Collaborative genome browsing with Apollo3

I am part of the international development team for Apollo3, a substantial JBrowse 2 plugin that facilitates a collaborative layer as well as many additional features, which is written in TypeScript. For my contribution, I have had a particular focus on contributing features to the user interface, in particular a "six-frame" view familiar to users of Artemis - a no longer supported genome browser - to encourage their migration to the new platform. Currently in beta, version 1 is planned for release to coincide with the publication of a paper, which is in preparation.

Melodramatick: Audience data for Digital Humanities

Melodramatick is an open-source web framework where audiences record their participation habits and discover new repertoire for a range of performing arts, broadening engagement in less-mainstream artforms under pressure to adapt. Users log attendance of live or streamed performances of works by "ticking" them in the interface; researchers access open, privacy-safe data on canon formation and participation to enable digital humanities research. Deployed prototypes include Operatick, cataloguing 1,000+ operatic works. Current plans include facilitating ingestion of historic performance data for longer term analysis of repertoire programming trends.

Research Impact

A central impact of my work is the development of research software that lowers the barrier to high-quality genomic analysis and is reused across multiple projects, groups and domains.
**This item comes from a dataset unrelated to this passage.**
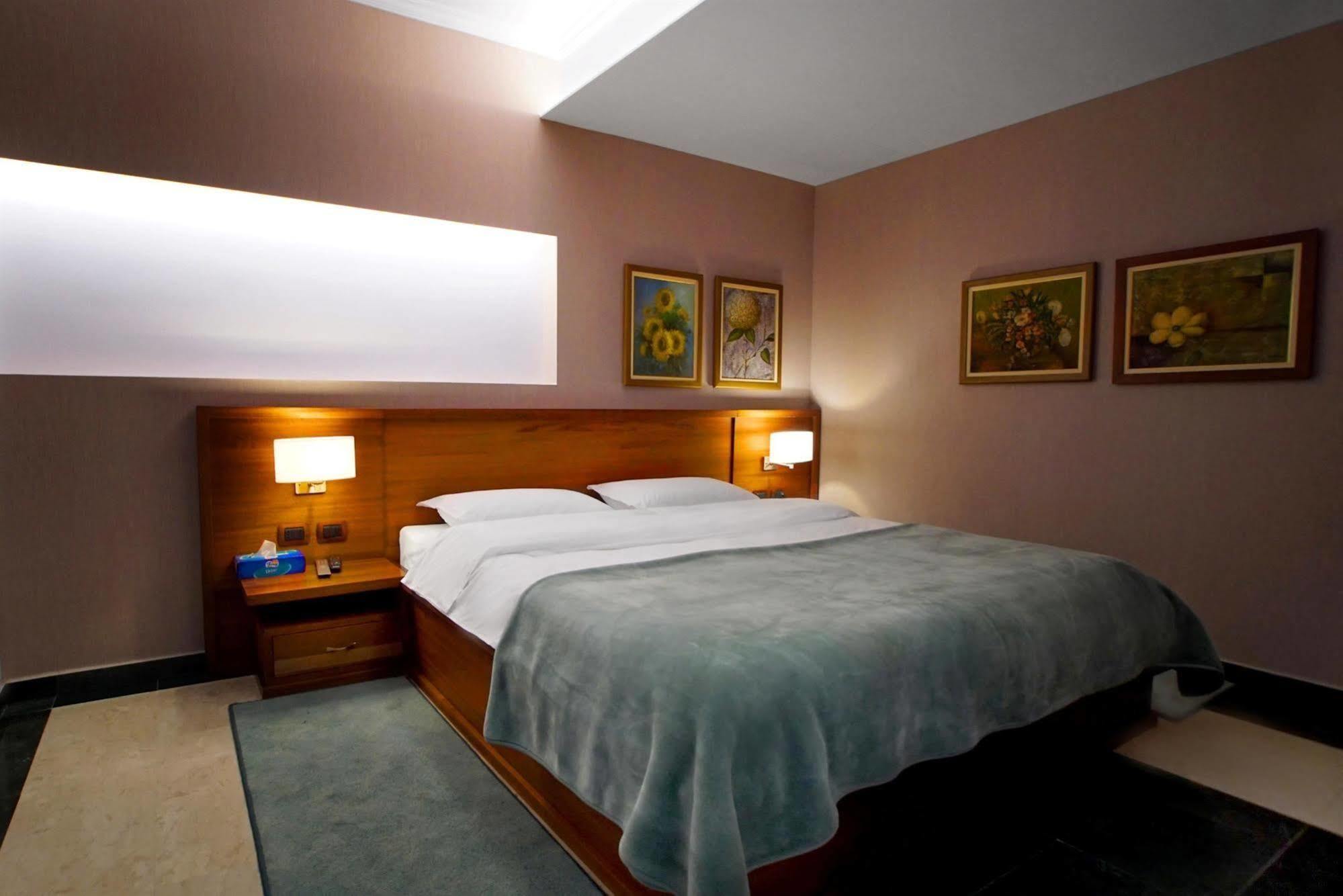 Nov Hotel Тирана Экстерьер фото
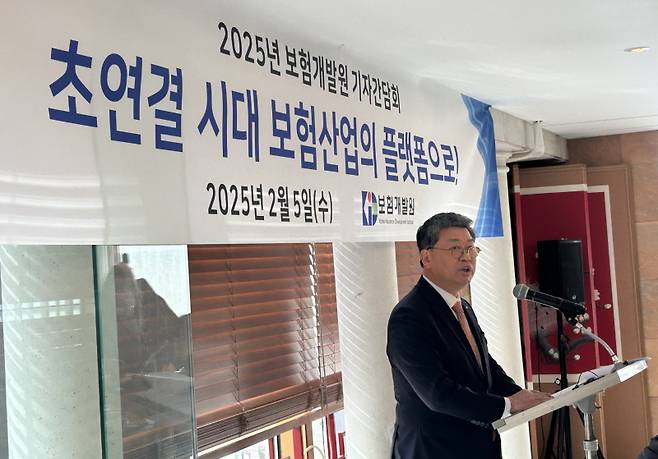 5일 서울 영등포구 아일렉스 5층에서 열린 보험개발원 신년기자간담회에서 허창언 원장이 발언하고 있다. 보험개발원 제공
Tools that I have contributed to and continue to maintain include Companion, an automated annotation platform that delivers high-quality structural and functional annotations within hours. Companion combines reference-guided annotation with visualisation tools, and is accessible both as a public web server and a maintained Docker image. Since launch, it has been adopted by over 1,000 researchers worldwide, who have used it to annotate over 10,000 genomes across parasitology, crop science, and ecology (See Papers).

Another tool, peaks2utr, is a Python CLI for annotating 3′ untranslated regions (3′ UTRs) of mRNAs, which I developed from scratch. These regions regulate key mRNA-based processes such as localisation, stability and translation, making them important targets for functional inference. Since publication, peaks2utr has been downloaded thousands of times and has attracted a growing number of citations.